Web page caption snippets:
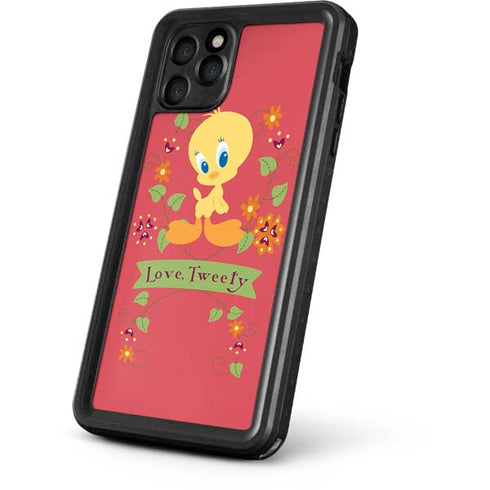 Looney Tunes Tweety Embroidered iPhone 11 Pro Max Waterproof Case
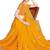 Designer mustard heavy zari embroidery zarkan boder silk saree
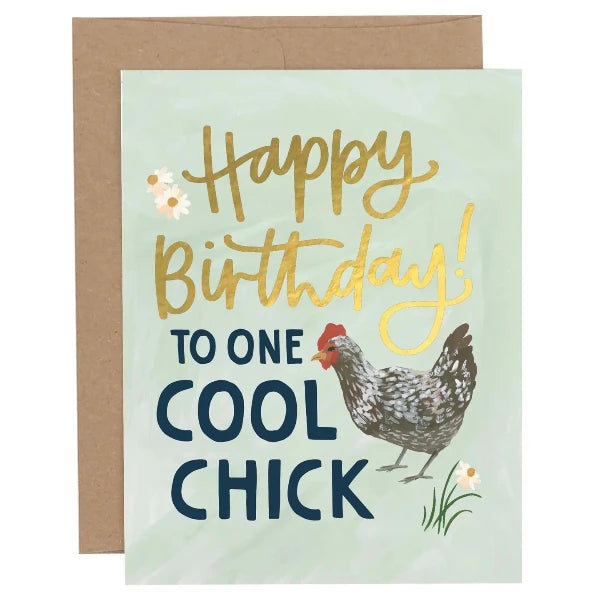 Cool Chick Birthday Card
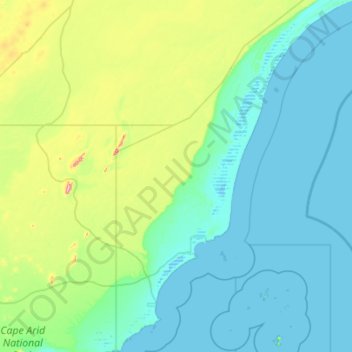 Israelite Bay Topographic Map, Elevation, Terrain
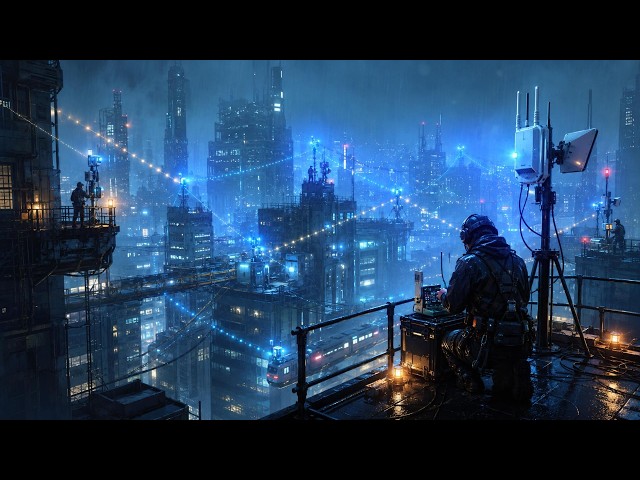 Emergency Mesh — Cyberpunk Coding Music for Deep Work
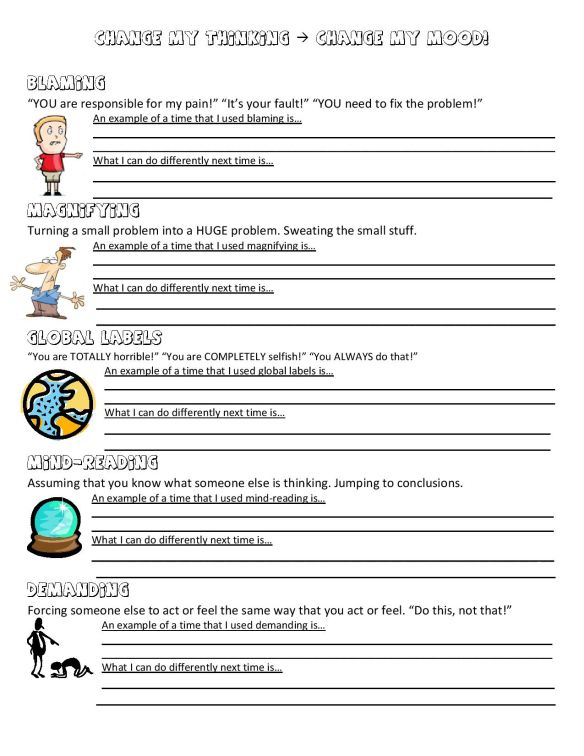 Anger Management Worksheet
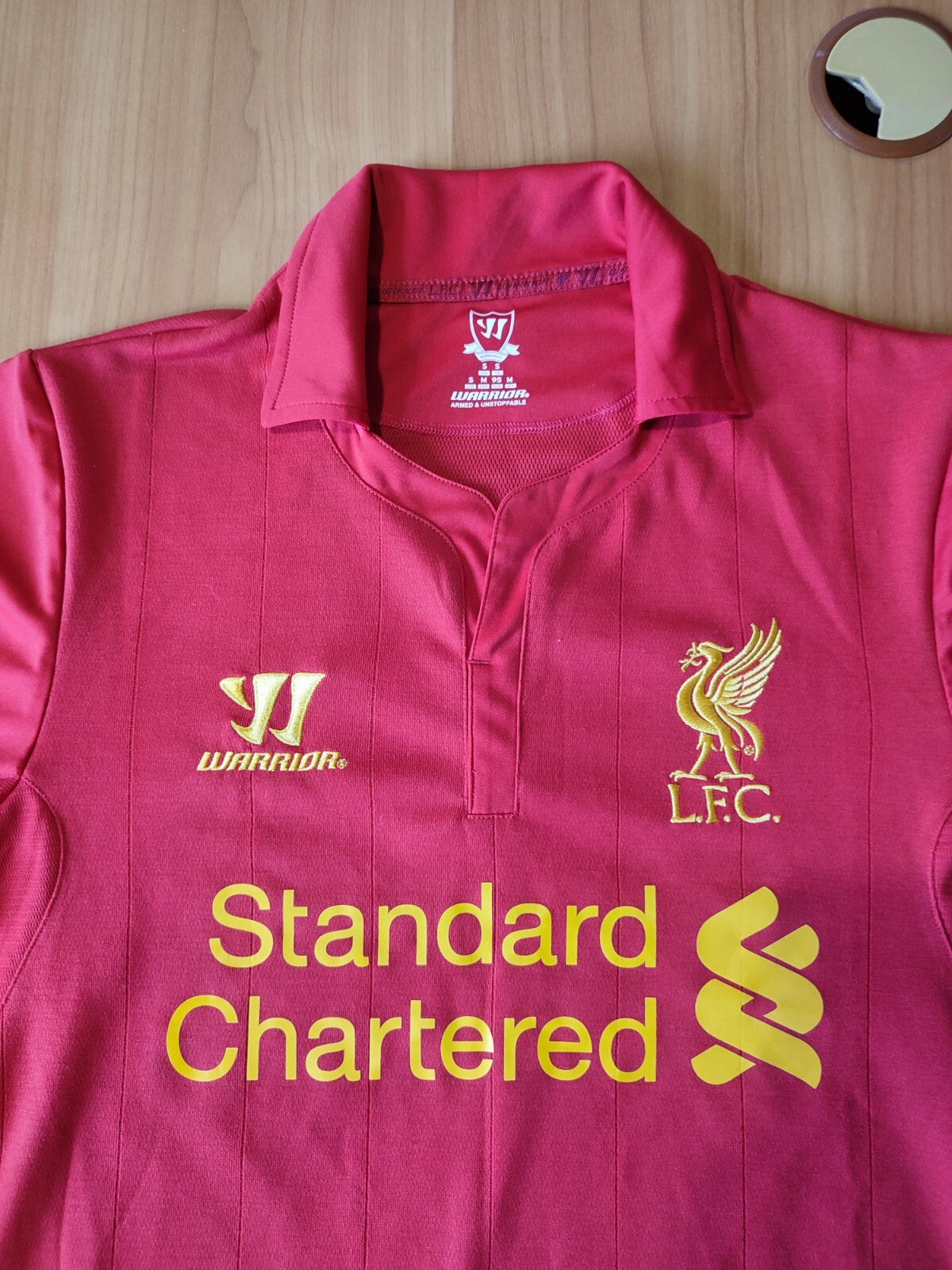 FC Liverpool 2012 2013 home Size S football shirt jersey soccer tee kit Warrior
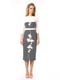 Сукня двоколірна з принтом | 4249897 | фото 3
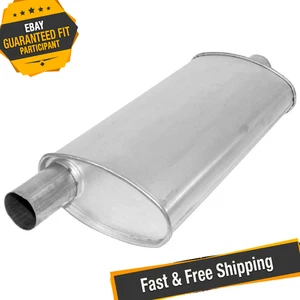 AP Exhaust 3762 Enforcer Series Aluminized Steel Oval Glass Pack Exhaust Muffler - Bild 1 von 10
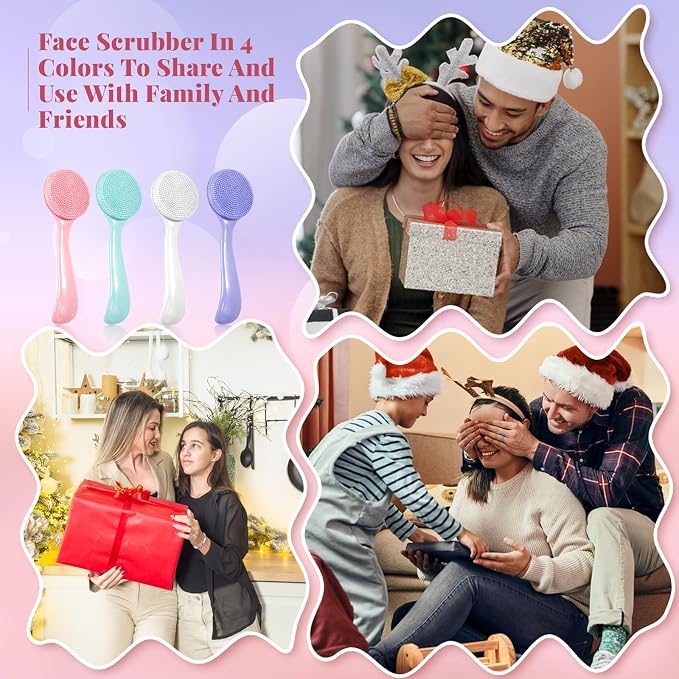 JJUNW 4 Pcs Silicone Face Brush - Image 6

Your instructions:
Exactly retype each record above, dropping images.

Answer area:
 Looney Tunes Tweety Embroidered iPhone 11 Pro Max Waterproof Case
 Designer mustard heavy zari embroidery zarkan boder silk saree
 Cool Chick Birthday Card
 Israelite Bay Topographic Map, Elevation, Terrain
 Emergency Mesh — Cyberpunk Coding Music for Deep Work
 Anger Management Worksheet
 FC Liverpool 2012 2013 home Size S football shirt jersey soccer tee kit Warrior
 Сукня двоколірна з принтом | 4249897 | фото 3
 AP Exhaust 3762 Enforcer Series Aluminized Steel Oval Glass Pack Exhaust Muffler - Bild 1 von 10
 JJUNW 4 Pcs Silicone Face Brush - Image 6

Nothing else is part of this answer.